Task goal
Exactly the lines below starting at the line with "Beautiful eternity band" and ending at the line with "Turquoise Ring~Sterling Silver" are wanted, with both ends included. Leave out the pictures and add no other lines.

Available data

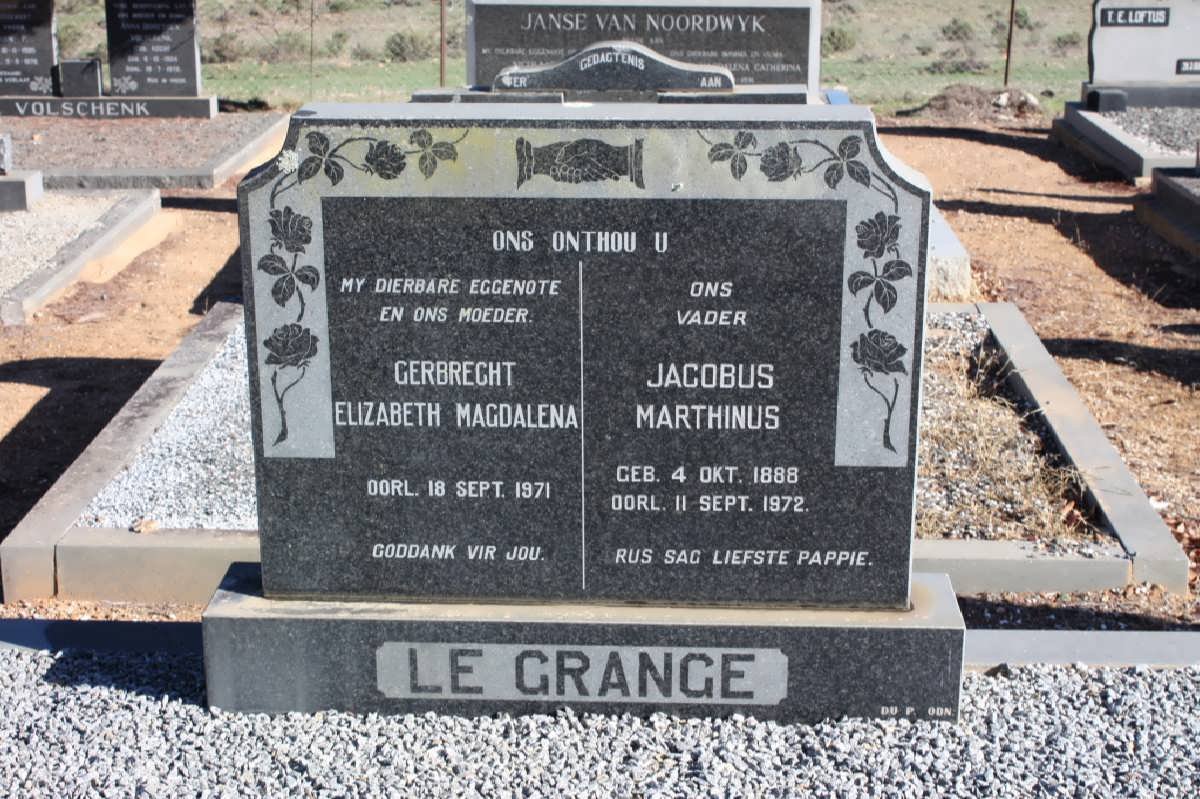 GRANGE Jacobus Marthinus, le 1888-1972 &amp; Gerbrecht Elizabeth Magdalena -1971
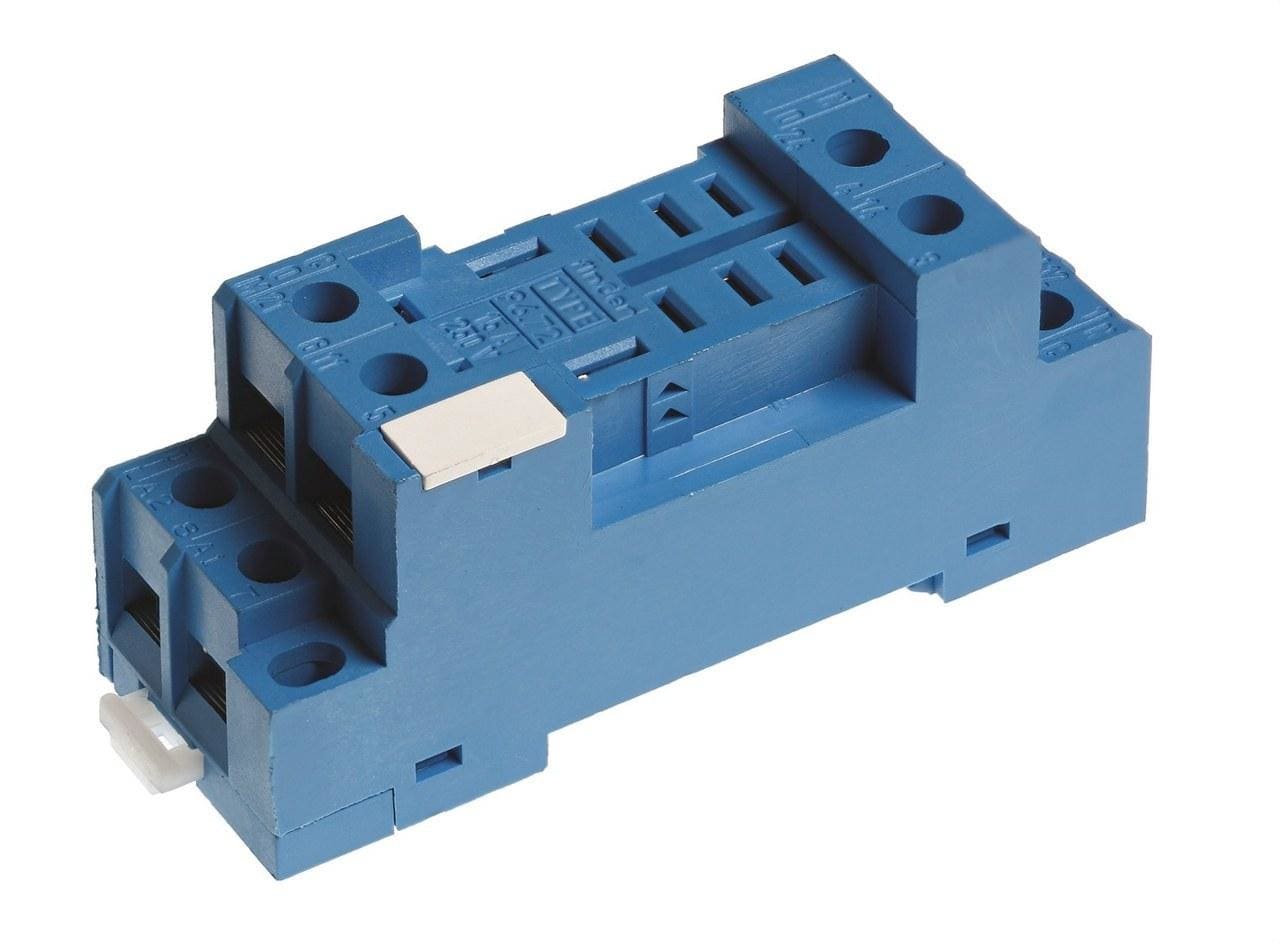 FINDER - Zócalo SERIE 96 para relé 56.32, bornes a pletina, montaje en panel o carril 35mm, azul, 0.8Nm, cable 10mm (emb.brida metálica)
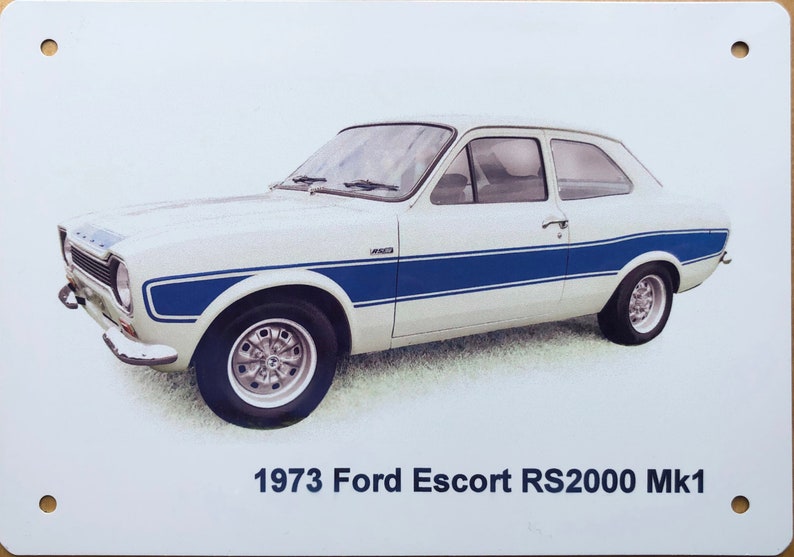 Ford Escort RS2000 Mk1 1973 Aluminium Plaque Two sizes A5 or 203 x 304mm Ideal Present for the Ford Enthusiast image 2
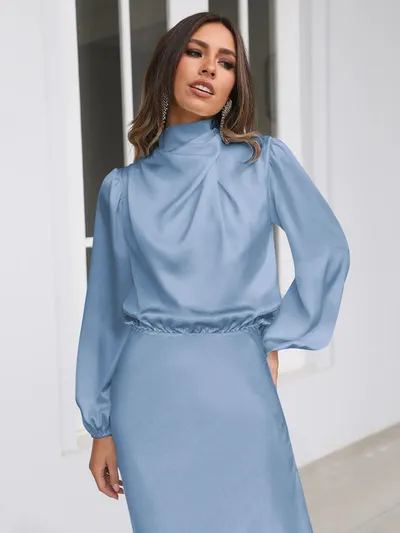 Elegant Temperament Long-sleeved Dress Satin Halterneck Formal Evening Dresses Women Clothing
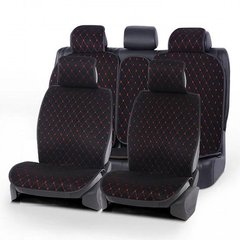 Купить Накидки для сидений DEKOR Алькантара комплект Черные - красная нить 36420 Накидки для сидений Premium (Алькантара)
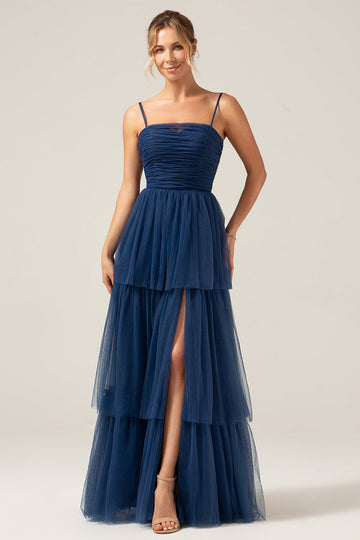 A Line Spaghetti stropper lagdelt Navy Tylle plissert Prom kjole med Slit
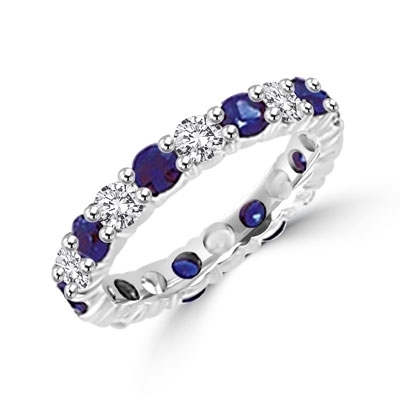 Beautiful eternity band of Sapphire Essence and round brilliant Diamond Essence stones, 2.0 cts.t.w. in 14K Solid White Gold.
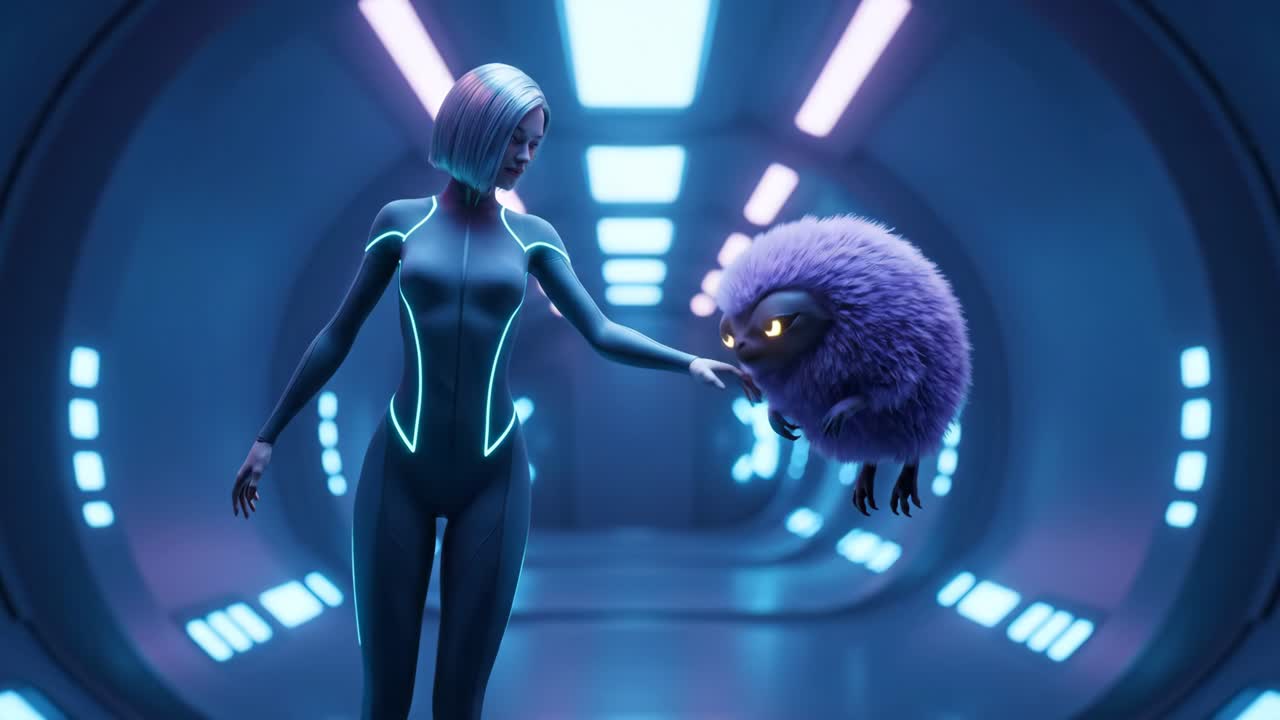 Sci-Fi Woman and Creature in Futuristic Setting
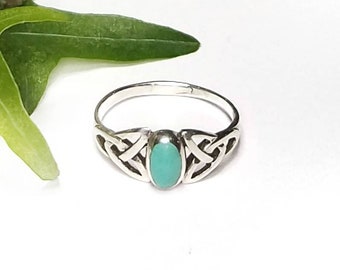 Turquoise Ring~Sterling Silver Celtic Knot Ring~Celtic Natural Turquoise Ring~Knotted Ring~December Birthstone~Promise Ring~Girlfriend Gift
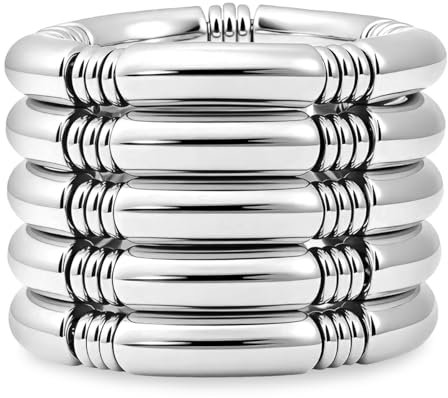 Emibele Silber Armreifen Armbänder für Frauen, Chunky Silber Stretch Armreifen Armbänder, stapelbar geschichteten gebogenen Bambus-Rohr-Armband-Set, nicht anlaufen Silber Armbänder Schmuck Geschenke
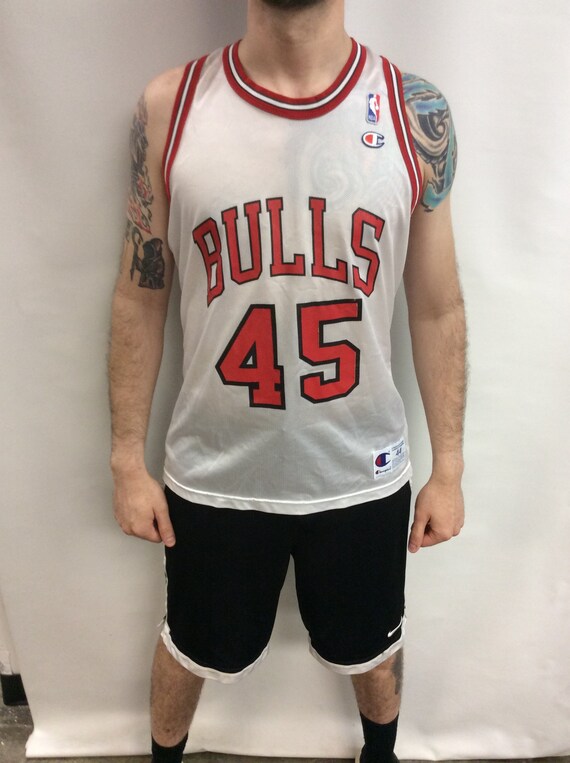 michael jordan white 45 bulls jersey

Exercise answer
 Beautiful eternity band of Sapphire Essence and round brilliant Diamond Essence stones, 2.0 cts.t.w. in 14K Solid White Gold.
 Sci-Fi Woman and Creature in Futuristic Setting
 Turquoise Ring~Sterling Silver Celtic Knot Ring~Celtic Natural Turquoise Ring~Knotted Ring~December Birthstone~Promise Ring~Girlfriend Gift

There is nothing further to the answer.